Juniata had two daughters, and in November 1876, a son, Charles Ware McComas. Little Charlie went almost everywhere with his father, but when Hamilton went to New Mexico Territory in 1880, his family remained behind until he got established. McComas was successful with his law practice and various mining and business operations. In March 1882, he figured it was safe enough to bring his family out to the wild Southwest. That December Hamilton purchased a substantial brick home for them in Silver City.
On March 7, 1883, Juniata turned 37 years old, and the contented couple looked forward to a happy and prosperous life. On March 26, Hamilton received a telegram from Lordsburg, New Mexico Territory, saying that the Pyramid Mining and Milling Company needed his services. Juniata had been in Silver City for one year and had never been to Lordsburg, and all agreed it would be fine for her and Charlie to come along, especially since there had been no major Indian trouble reported since the previous summer.
They rented and loaded a buckboard on the 27th, for what should have been a safe journey. But Hamilton took along his Winchester and Colt revolver, just in case. They stayed the night at a hostelry called Mountain Home, about 17 miles southwest of Silver City. The next morning, the 28th, the family crossed the Continental Divide and rode down Thompson Canyon, a sandy, twisting trail through the Burro Mountains. If there was any chance of an ambush, it would be in the narrowest part of the canyon, just as the road exited the western edge, but the McComases passed safely through. They continued one mile into the flat Animas Valley. It was about noon when they saw a large walnut tree and decided to stop to have a picnic lunch.
The timing of their journey was unfortunate. On March 21, a 26-person Apache raiding party swept out of Mexico’s Sierra Madre and into Arizona Territory, seeking guns and ammunition. Chatto (sometimes spelled Chato) led the raiders, who included Naiche, Mangus, Bonito, Dutchy, Tzoe, Beneactiney and Kautli. They attacked a charcoal camp in the Canelo Hills near Fort Huachuca and killed four white men, but Beneactiney also fell. Furious, his friends continued northeast, stealing, cutting telegraph lines and killing 22 more whites.
Whenever an Apache was harmed, it was customary that all members of the “guilty” group were held responsible and could be indiscriminately killed. No one in the West had a monopoly on brutality, but some Apaches were proud of it. Asa Daklugie, the son of the Nednhi Apache Juh, boasted, “We had the Sioux beat [for cruelty], especially the Nednhi and Chiricahua.”
In this frame of mind and in the mood for revenge, Chatto’s raiders entered New Mexico Territory in the area of present-day Virden, and rode southeast toward the southern end of the Burro Mountains. Near the mouth of Thompson Canyon they ran right into a white family having a picnic.
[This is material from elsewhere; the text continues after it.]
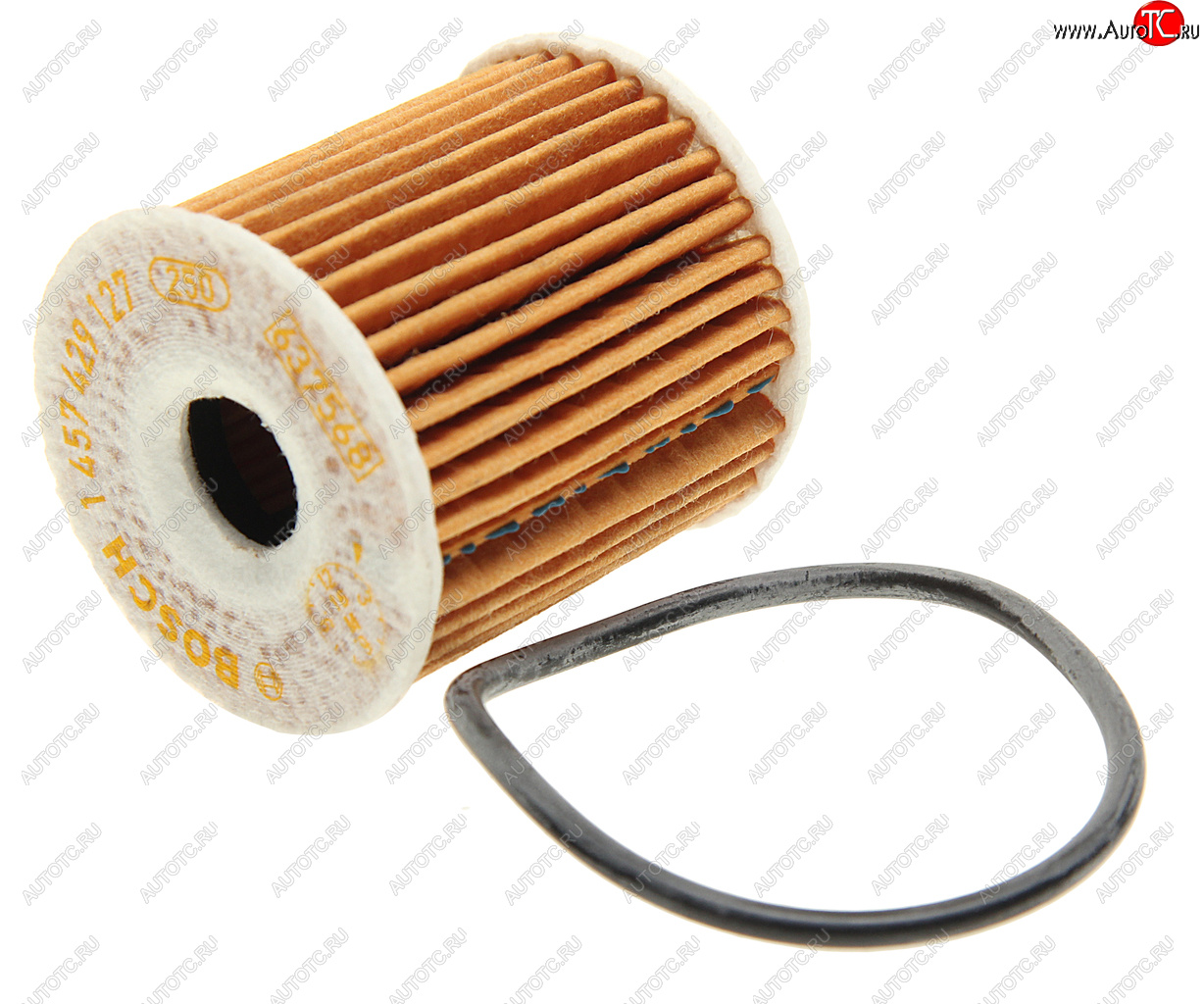 429 р. Фильтр масляный MERCEDES Smart (0.6/0.8) BOSCH BOSCH 1457429127 BOSCH 1457429127  с доставкой в г. Керчь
The McComases saw the Apaches coming and ran for the buckboard. Hamilton tried to turn the horses around and run back up the canyon, but a bullet hit him. He jumped from the seat with his Winchester while Juniata tried to take the reins and continue. Hamilton ran to the walnut tree to try to hold off the Indians. He got off three shots while running and four more at the tree before about five more bullets ended his life.
Other Apaches chased the buckboard about 300 yards when one horse was hit and fell. Juniata jumped out, ran around the back and tried to pull Charlie out. A mounted warrior smashed her head with his rifle butt, and then dismounted and hit her two more times with his pistol to make sure she was dead. Often raiders would murder children without a second thought, but this time they decided to keep the blond 6-year-old.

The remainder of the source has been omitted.